Aim of the exercise >> Among the lines below, the one containing "After that, you" opens the range and the one containing "Here are some" closes it. Print that range exactly, without the pictures.

Data to process >>
───

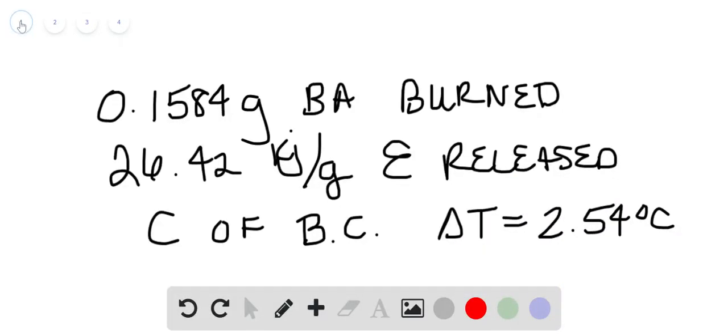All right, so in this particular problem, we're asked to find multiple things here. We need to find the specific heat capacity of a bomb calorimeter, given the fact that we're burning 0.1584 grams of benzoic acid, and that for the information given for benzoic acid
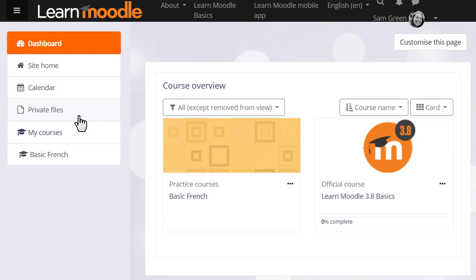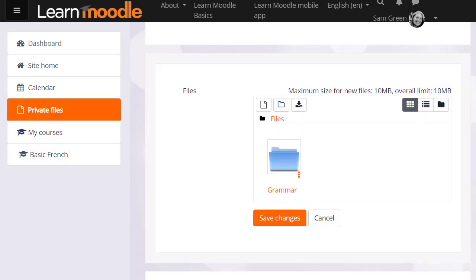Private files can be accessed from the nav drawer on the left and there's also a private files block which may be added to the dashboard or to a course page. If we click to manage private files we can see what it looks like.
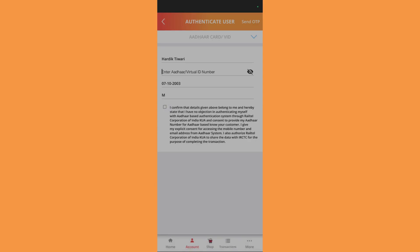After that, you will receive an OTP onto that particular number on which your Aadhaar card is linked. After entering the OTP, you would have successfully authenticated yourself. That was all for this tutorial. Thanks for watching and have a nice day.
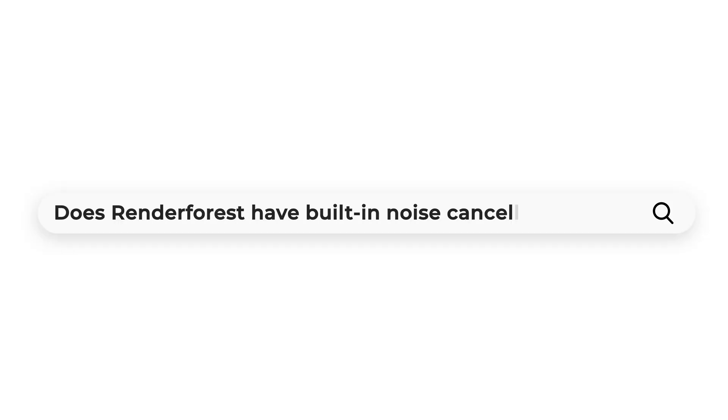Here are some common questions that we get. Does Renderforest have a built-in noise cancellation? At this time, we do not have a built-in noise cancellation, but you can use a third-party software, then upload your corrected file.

───

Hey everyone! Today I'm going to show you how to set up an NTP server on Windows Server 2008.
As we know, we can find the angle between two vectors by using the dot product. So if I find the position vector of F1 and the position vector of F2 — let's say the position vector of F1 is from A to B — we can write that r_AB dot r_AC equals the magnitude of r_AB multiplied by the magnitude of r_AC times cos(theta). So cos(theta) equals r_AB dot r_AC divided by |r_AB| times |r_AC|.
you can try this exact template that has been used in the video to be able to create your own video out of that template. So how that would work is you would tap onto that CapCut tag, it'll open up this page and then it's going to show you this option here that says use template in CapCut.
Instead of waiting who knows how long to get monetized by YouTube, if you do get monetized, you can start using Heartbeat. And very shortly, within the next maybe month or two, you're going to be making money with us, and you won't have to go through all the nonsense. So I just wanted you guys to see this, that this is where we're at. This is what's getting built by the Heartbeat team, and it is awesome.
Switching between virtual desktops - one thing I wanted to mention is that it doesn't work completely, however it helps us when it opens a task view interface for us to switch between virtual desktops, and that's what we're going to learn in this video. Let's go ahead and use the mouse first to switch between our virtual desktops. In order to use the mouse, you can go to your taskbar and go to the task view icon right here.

───

Answer to this task >>
After that, you will receive an OTP onto that particular number on which your Aadhaar card is linked. After entering the OTP, you would have successfully authenticated yourself. That was all for this tutorial. Thanks for watching and have a nice day.
Here are some common questions that we get. Does Renderforest have a built-in noise cancellation? At this time, we do not have a built-in noise cancellation, but you can use a third-party software, then upload your corrected file.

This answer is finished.